Never Just Friends (Spotlight New Adult Book 2) (9 page)

Good thing still that his thoughts on the matter weren’t required at all, except for a throwaway, “What do you think, Jacob?” at the end. He didn’t think that Krup needed his backup anyway. They’d managed to become friends since meeting at that Caine Foundation event, and they had a beer whenever they were in California at the same time. The guy was solid, a hard worker, and not at all interested in Lindsay. (Krup was gay.)

“You don’t have to worry about the rest of this conference,” Krup was telling him, as they regrouped at the end of the meeting, after the others had left the room. “You earned your fee at the plenary this morning. We’ve got press asking
me
for quotes. I hope some of the foundation messages manage to get into the news.”

“I’m in, as long as I’m here,” Jake said. He thought he had already said that, in meetings with Krup. “I’ve read up on the project reports.”

Krup laughed, but his eyes were on his laptop screen, his attention obviously already somewhere else. “Jake, you happen to like giving yourself a hard time? You don’t like paid vacations?”

“I wasn’t expecting this to be one,” he said, his voice going tight.

It revealed tension when there had previously been none, and Krup looked up at him. “Sorry, that was...that’s something we tell ourselves. We usually make jokes about wanting to take a break. No one really enjoys having to ask for money to put up drinking water stations across the world. You really want to do this?”

Jake paused. Did he? Would it make him sound naive to admit it? That was what this trip was about, what this whole damn thing was about.

“I guess it’s time I find out, isn’t it?” he said instead.

 

***

 

“Is there something you’re not telling me?”

The question threw him off because she happened to say it while taking off her top, revealing a sleek black bikini, and he remembered how hot she looked in clothes like this, in warmer weather. He began thinking of where they could go, places with sunny beaches. Like France, where would he take her in France, where she’d get to wear that? He hadn’t yet told her about it, was planning to surprise her with a trip. Surely she could get away for a week or so.

The night swim was her idea. They had come from dinner with her co-workers and some of their friends from the conference along the harbor. The Italian had been there, briefly, enough time to plant a kiss on both her cheeks and introduce a woman Jake assumed to be his date. Not that he cared.

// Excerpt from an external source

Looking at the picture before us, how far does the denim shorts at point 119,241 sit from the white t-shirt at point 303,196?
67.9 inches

Most of their companions wanted out early, but back at the hotel, Lindsay wanted drinks by the pool. She must have really wanted to talk. (Drinks at his room would have meant something else.)

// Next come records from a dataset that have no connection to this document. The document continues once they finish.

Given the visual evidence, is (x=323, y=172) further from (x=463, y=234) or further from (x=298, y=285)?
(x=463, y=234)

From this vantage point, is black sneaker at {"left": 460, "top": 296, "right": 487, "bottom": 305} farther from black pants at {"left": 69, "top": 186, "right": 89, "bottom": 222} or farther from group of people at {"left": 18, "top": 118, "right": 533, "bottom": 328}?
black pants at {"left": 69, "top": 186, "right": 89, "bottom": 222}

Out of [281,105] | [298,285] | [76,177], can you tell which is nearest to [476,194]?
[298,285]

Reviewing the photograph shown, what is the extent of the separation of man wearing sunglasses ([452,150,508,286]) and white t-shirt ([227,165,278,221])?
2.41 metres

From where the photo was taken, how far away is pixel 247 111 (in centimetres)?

He took his shirt off, and then stripped down to his Speedos. He watched her take off her shoes, lay them neatly beside her folded clothes, and walk toward the small, circular pool. An attendant saw their interest in it and the water began bubbling, blue lights coming on from underneath. They were the only ones on the pool deck, an hour before they were to close it for the night.

“You’re asking me this?” he said, joining her in what looked like a boiling pot, sitting on a tiled step beside her. “On the day I meet the Italian asshole who keeps trying to rub against you?”

The very ends of her hair were getting wet, clinging to her body. She frowned at him but turned the other way, called a waiter, asked for two glasses of red wine.

“I slept with Rocco once, last year, at this same conference,” she said. “But it was in Rio de Janeiro at the time. I met him before that though, and he’s always been a flirt. I’m not telling you this to make you angry, or jealous...it’s just...what it is.”

Was he angry? Jealous? He couldn’t be.

Still wanted to punch the guy’s face.

“What I mean is that this is the work I want to do, and it’s the kind of work that takes people everywhere, or brings people around to me, but temporarily, you know? I’m sure you understand.”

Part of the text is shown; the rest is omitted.